Benefits Arising from Training Researchers?

An interesting fact to emerge from the Employer Satisfaction Survey published in the previous issue of Asia Research was the standout performance of Millward Brown when respondents assessed the agencies for “Good Training”.

Millward Brown is clearly associated with providing good training, which leads to the conclusion that they view training as an important aspect of the work environment, staff motivation, and retention.

Training is a significant investment for any agency. The fact that this aspect rates highly with Millward Brown during a period of soft market conditions indicates that they continue to address this ongoing need more effectively than their competitors. After all, training is an investment in upgrading researcher skills, staff advancement, and ensuring clients are well serviced.

This also brings to mind the question as to what agencies consider to be important in retaining and motivating researchers. In many ways, the only incentive for researchers is teaching new skills and enhancing existing ones on top of the usual compensation benefits.

By their very nature, researchers are inquisitive. They ask questions, analyse the answers, and then search for new ways of interpreting data and presenting findings. Those who are armed with the latest information are clearly in an advantageous position for both personal and career advancement.

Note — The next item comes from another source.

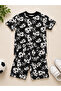 Boys' Football Patterned Shorts Set - Summer Cotton T-Shirt Shorts Pajama Set Black - 2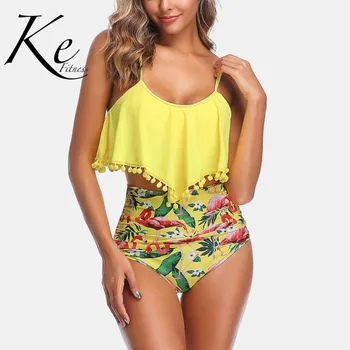 

KE New Collection 2020 bikini woman split 2 pieces two yellow green high waist lady printed solid tassels sexy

As our industry undergoes significant changes from the modus operandi of the past, there is a critical need for researchers and clients to be not only aware of but also competent practitioners in the latest techniques and methodologies.

There was a time, not so long ago, when training was, at the least, an annual event for most researchers. A glance through a researcher’s résumé too frequently highlights a sudden end to training, irrespective of the seniority of the researcher. Cost saving eventually leads to a stagnation of skills development for the individual, a loss of the agency’s critical edge, and the research buyer being deprived of the latest intelligence in research findings. No one wins.

Isn’t it time all participants in the research industry recognised the need and benefit associated with providing training to researchers on a regular basis. Research buyers and providers need to agree that financial support for training is a necessity for the future of the industry. The return on investment will be seen. Of course, risks are involved, but that is another story. In the long run, all parties win.